--- DATA PROVIDED Enclosed Below ---
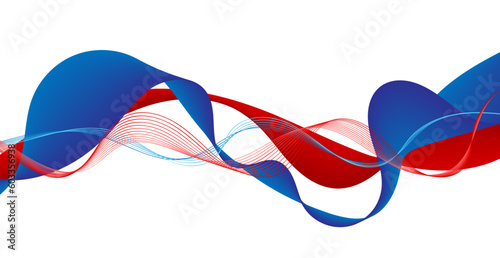 Red And Blue Wavy Lines Abstract Background. Wallpaper. Vector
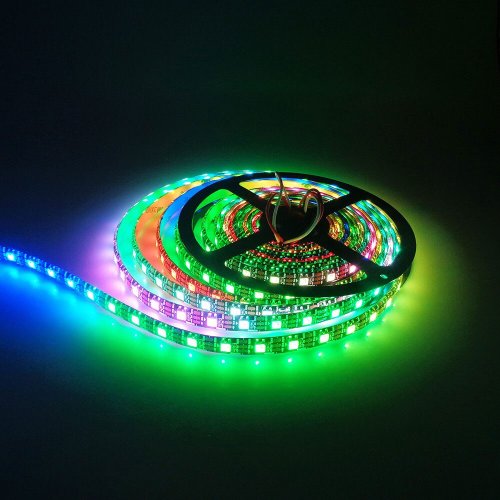 Лента св/д. IP20 (5050/60) адресная WS2812B, RGB 10мм, 3pin; 1м=30сегм; 60LED*10-12Lm, 5V, 14,4W-1м*5м, с разъемами ,  ЦЕНА ЗА 1МЕТР,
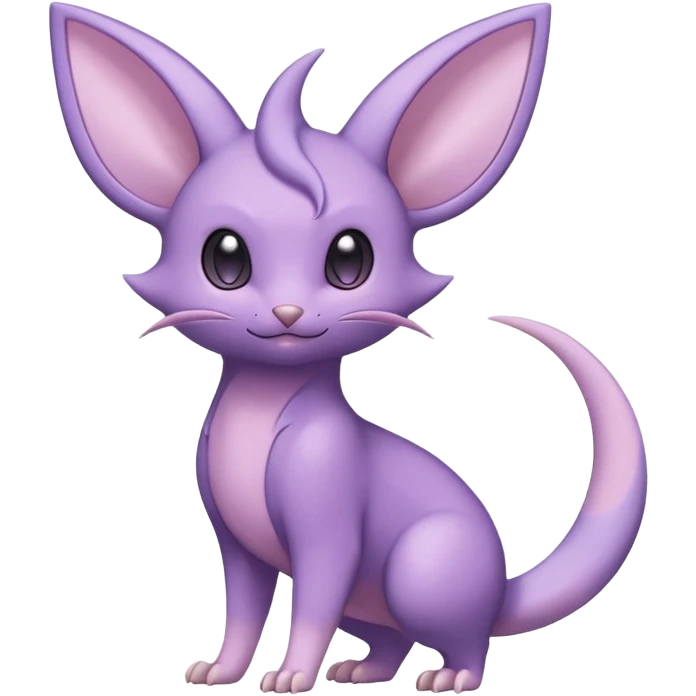 Pastel Glossy Smooth Soft Shiny Celestial Crescent Lunar Shiny Glossy Lumine Stellar Rattata-Noibat-Espeon-Purrloin-Fakemon-hybrid-creature (full body) emoji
--- End of Enclosed DATA PROVIDED ---
- TASK TO CARRY OUT:
Return the whole listing exactly, minus its pictures.

- ANSWER SPACE:
 Red And Blue Wavy Lines Abstract Background. Wallpaper. Vector
 Лента св/д. IP20 (5050/60) адресная WS2812B, RGB 10мм, 3pin; 1м=30сегм; 60LED*10-12Lm, 5V, 14,4W-1м*5м, с разъемами ,  ЦЕНА ЗА 1МЕТР,
 Pastel Glossy Smooth Soft Shiny Celestial Crescent Lunar Shiny Glossy Lumine Stellar Rattata-Noibat-Espeon-Purrloin-Fakemon-hybrid-creature (full body) emoji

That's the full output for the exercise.